A tiny throw-away tube of silicone could be included with the adapter. Other people package it besides G.E.

The stuff would not damage bluing or aluminum and it comes right off anytime. A new bead of silicone would perfect-fit it to another gun which might have a slightly different frame profile. So no adapter has to be permanently modified to fit only one particular gun. The silicone custom fits it, if the adapter's mating surface is kept slightly concave, to hold silicone.

Another suggestion: Experimentation should show what proportion of powdered aluminum or metallic pigment mixed into the resin would make the adapters a dead ringer for metal. And with good molds, they ought to look almost like they are polished.

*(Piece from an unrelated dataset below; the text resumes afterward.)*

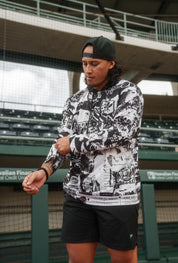 BLACK & WHITE COLLAGE DRI-FIT LONGSLEEVE W/HOOD Jacket Hawaii's Finest 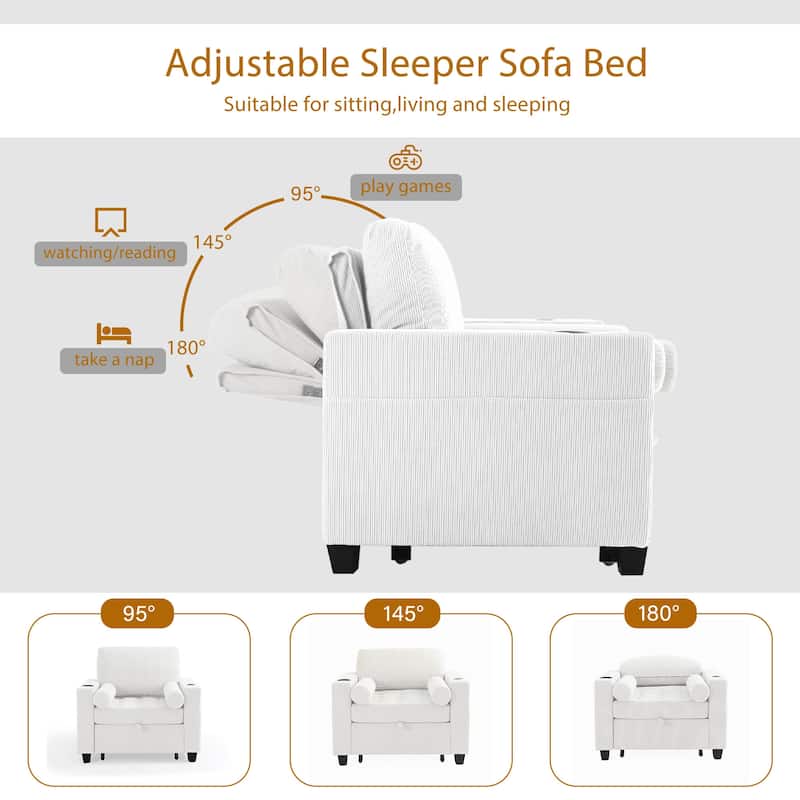 2 Set 3-in-1 Adjustable Recline Convertible Chair Bed Sleeper with USB Port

By the way, you can mix various pigments with the clear silicone also, if you want even the hairline frame/adapter joint to be the "right" color.

I've played around with pigments in molded synthetics in bygone years, and it doesn't take much to get some pretty nice effects. And with most epoxies, you would have to use far too much of it before coming close to interfering with strength or setting/curing characteristics.

And another one: A Dremel tool with a 1/2" sanding drum and an AMERICAN MADE coarse slip-on sanding insert will take care of all your removal of material from the inner area which fits against the frame. Just don't run it too fast, or it will heat and soften your part, and the sanding surface will permanently load up. Then you'll have to spend $.30 on another one. There is little danger of slipping and ruining the part, or your anatomy, and one insert would do many, many pieces. I have not yet found a Chinese insert that lasts more than a few seconds. The good ones are great for wood, plastic, even steel. I use them for shaping custom wood grips, where I may need to remove a lot or just a little wood in the easiest, quickest way.

Good luck. Great project. You must be having a lot of fun with this.